Charles Colson

Colson’s main testimony is found in Born Again, but there is also a sequel, Life Sentence, which narrates the origins of the international Prison Fellowship ministry.

Colson became well-known and indeed notorious as Richard Nixon’s right-hand man in the period prior to the great Watergate scandal of the early 70’s. Time magazine described him as ‘tough, wily, nasty and tenaciously loyal to Richard Nixon’; he was supposed to have said that he would run over his grandmother if necessary to get Nixon elected. We might suppose from his high office that he was a very competent person, and this competency comes through in his excellent writing.

Colson’s background was that of a very proud American, son of Swedish immigrants. He followed his lawyer father into the legal profession, turning down, in pride, a scholarship to Harvard along the way and then joining the Marines. He had always been involved in politics, learned a lot of dirty tricks along the way, met Nixon and became influential with him, and of course it is here that the story becomes particularly interesting, because Colson details some of the workings of the White House and the personalities of those around the Nixon presidency, Kissinger and Haig among others. There is also a fascinating account of a diplomatic trip to Moscow.

His personal life was less successful, having been divorced and he leaves a lot of question marks over the raising of his children. He was evidently however a disciplined person with an ability to make and keep friends, but there was little to allay the feeling of emptiness that seemed to grip him shortly after the re-election of Nixon in 1972. He had grown tired of the atmosphere around Washington with its dirty dealing and unpleasantness, but he was unprepared for all that began to emerge about Watergate and Nixon’s evident duplicity; he consistently maintains not to have known anything about the events that brought the presidency down, despite his reputation as the ‘hatchet man’. As the scandal unfolded, Colson one evening visited a friend whose life had evidently greatly changed; the explanation was accepting Christ at a Billy Graham crusade; the friend then read from CS Lewis about the one great sin that none of us think we are guilty of – pride. The words ripped into Colson, leaving him defenceless and open to God. First he had an emotional experience then he set to to examine the intellectual underpinning to this experience reading Lewis’ Mere Christianity and emerged a convinced believer. Truly worth reading – this is a very vivid account!
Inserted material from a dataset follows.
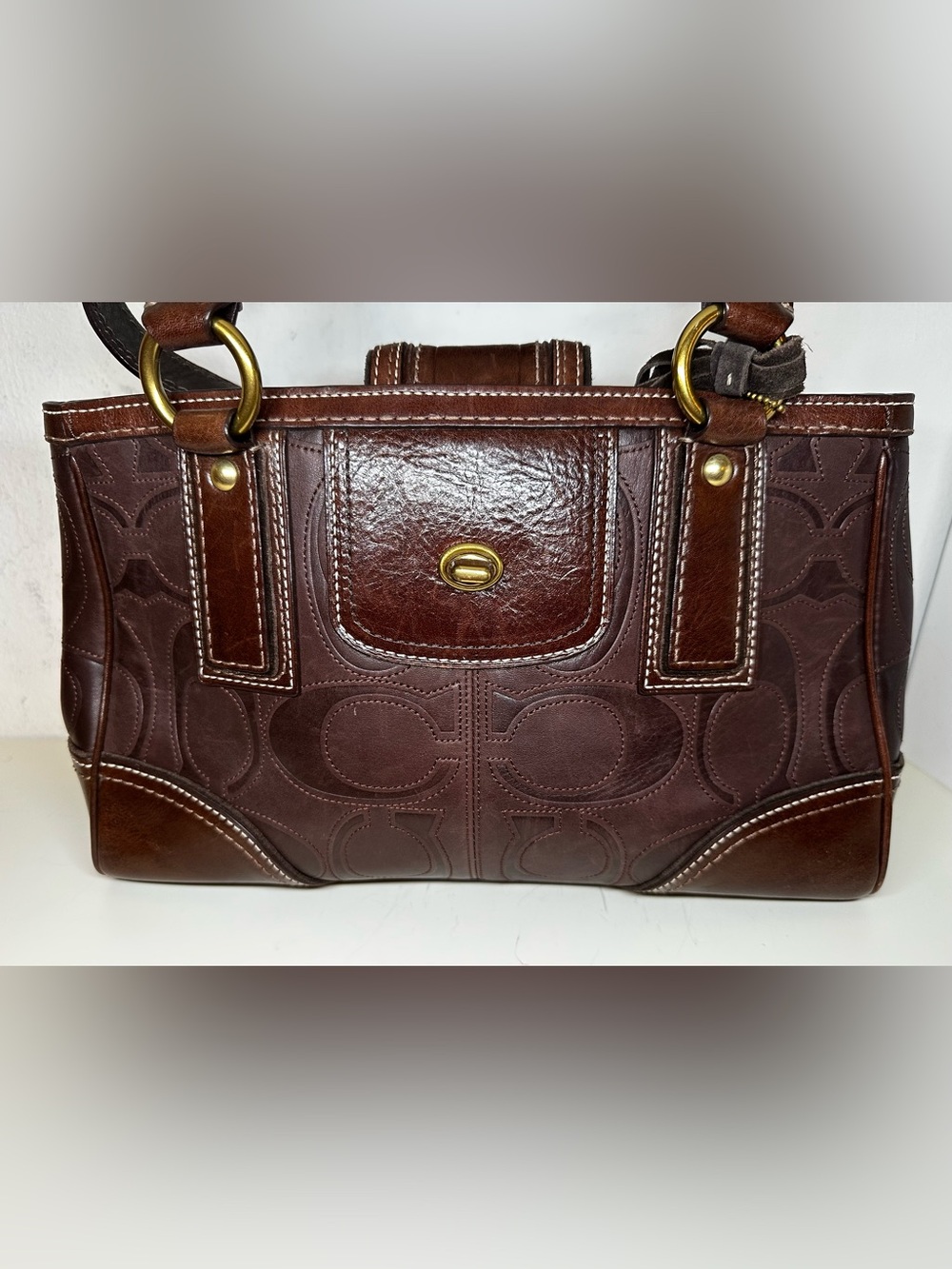 COACH Vintage Hampton Signature 11330 Brown Leather Shoulder Bag - Picture 2 of 15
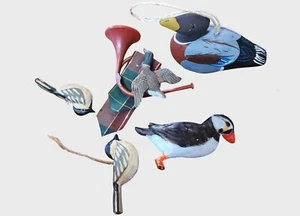 4 Bird Ornaments Chickadees Duck Puffin Mallard with horn and Ribbon - Picture 1 of 2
Coming days saw him involved in fellowship with a group of similar men; this was crucial since life suddenly became a lot more difficult as he was now faced with accusations of complicity in Watergate while he also sought to integrate his new faith into his life as a high profile person. Eventually he was charged with a criminal offence which he had not committed, but his faith led him to plead guilty to something he had not been charged with, but of which he was genuinely guilty. The result was a prison term.

The second half of Born Again chronicles events in prison among a panoply of colourful characters and the often severe testing of his faith but tremendous growth, the critical event being the Baptism in the Holy Spirit. This is not an account which is easy to put down.
After release from prison Colson could not keep away from prison ministry. The need for reform that he had experienced first hand         (see also the testimony of Mary Forsythe) was more than pressing, it was urgent and with all his contacts and notoriety, Colson was able to establish a ministry which came to reach around the world. The personal side of this is related in Life Sentence; it is the establishment of good relationships, of friendship, which shines through so much of what Colson says.

In conclusion the two books, Born Again and Life Sentence, are very much to be recommended, though I cannot personally say the same for his other books. Their interest lies in part in the context of politics and statesmanship and in part in the vividly described personal experience. Classic testimony and a must read!